HOW TO COMPLETE THIS TASK -
For every record that follows, write out the text exactly and omit the picture, if one is present.

RAW DATA -
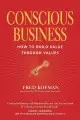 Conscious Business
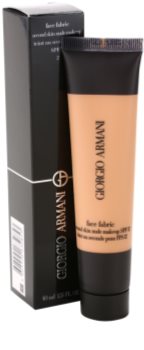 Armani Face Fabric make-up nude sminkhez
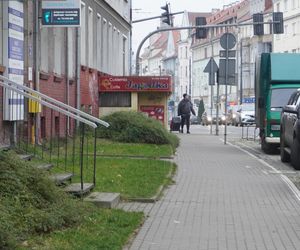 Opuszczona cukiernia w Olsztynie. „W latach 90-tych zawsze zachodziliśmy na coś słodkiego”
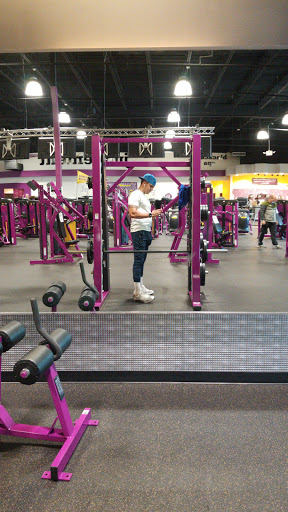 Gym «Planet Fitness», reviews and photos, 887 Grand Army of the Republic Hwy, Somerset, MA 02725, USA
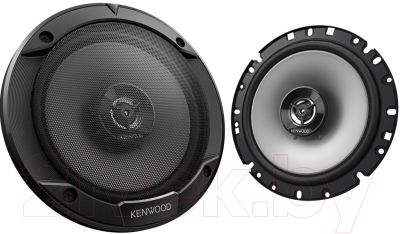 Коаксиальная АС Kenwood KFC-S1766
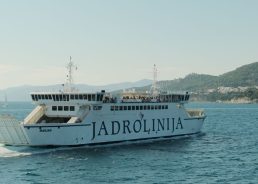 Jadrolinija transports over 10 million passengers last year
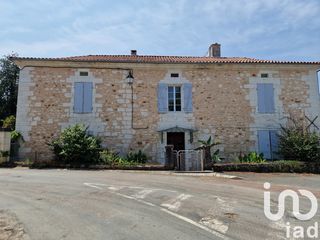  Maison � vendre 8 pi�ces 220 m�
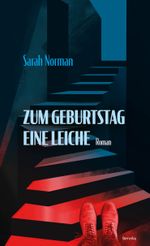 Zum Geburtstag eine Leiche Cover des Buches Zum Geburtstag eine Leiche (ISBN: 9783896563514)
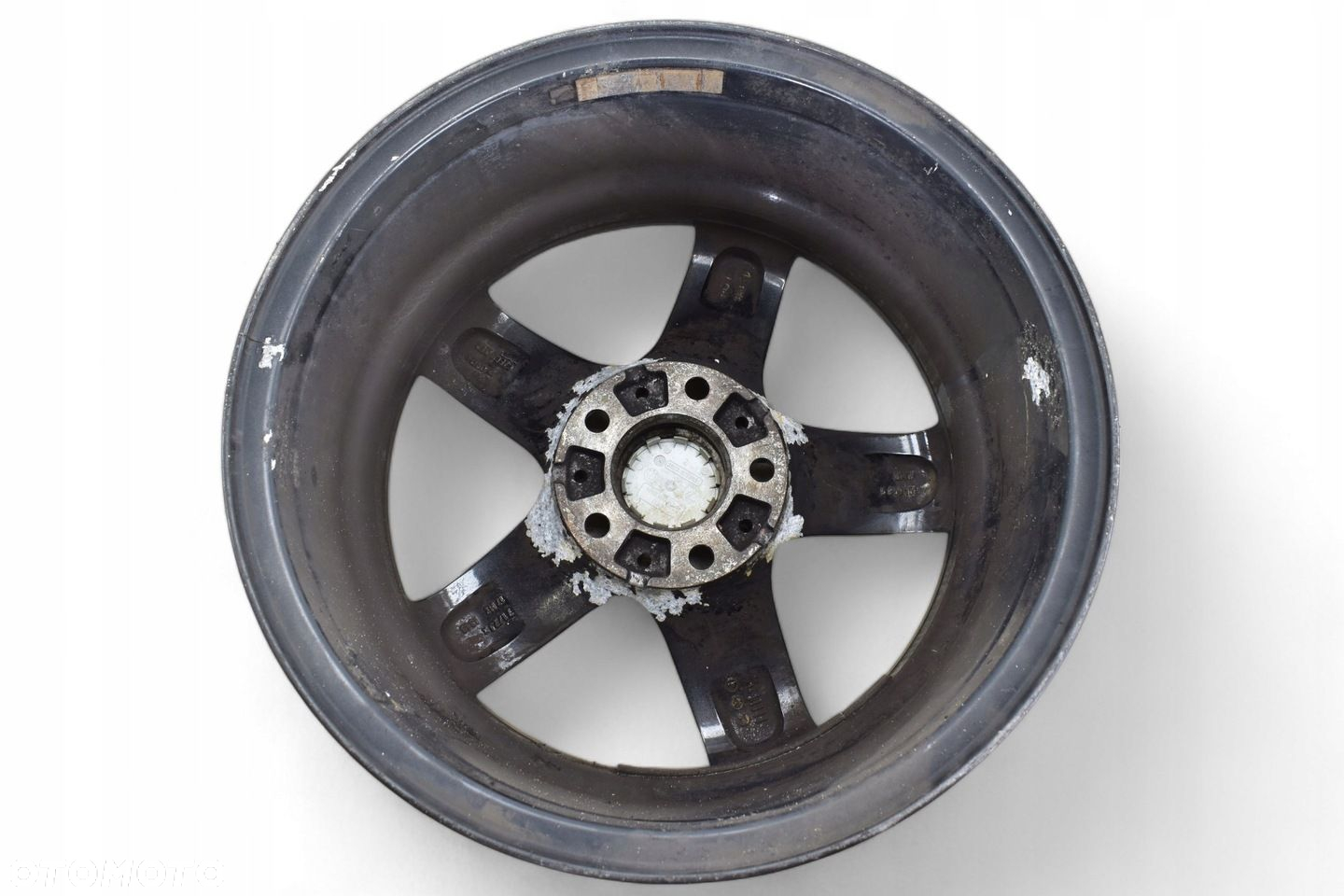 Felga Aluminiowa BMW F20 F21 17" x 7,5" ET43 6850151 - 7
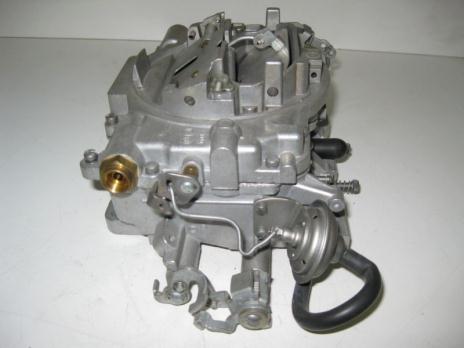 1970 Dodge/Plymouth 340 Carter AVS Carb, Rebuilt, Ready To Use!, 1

SOLVED PROBLEM -
 Conscious Business
 Armani Face Fabric make-up nude sminkhez
 Opuszczona cukiernia w Olsztynie. „W latach 90-tych zawsze zachodziliśmy na coś słodkiego”
 Gym «Planet Fitness», reviews and photos, 887 Grand Army of the Republic Hwy, Somerset, MA 02725, USA
 Коаксиальная АС Kenwood KFC-S1766
 Jadrolinija transports over 10 million passengers last year
  Maison � vendre 8 pi�ces 220 m�
 Zum Geburtstag eine Leiche Cover des Buches Zum Geburtstag eine Leiche (ISBN: 9783896563514)
 Felga Aluminiowa BMW F20 F21 17" x 7,5" ET43 6850151 - 7
 1970 Dodge/Plymouth 340 Carter AVS Carb, Rebuilt, Ready To Use!, 1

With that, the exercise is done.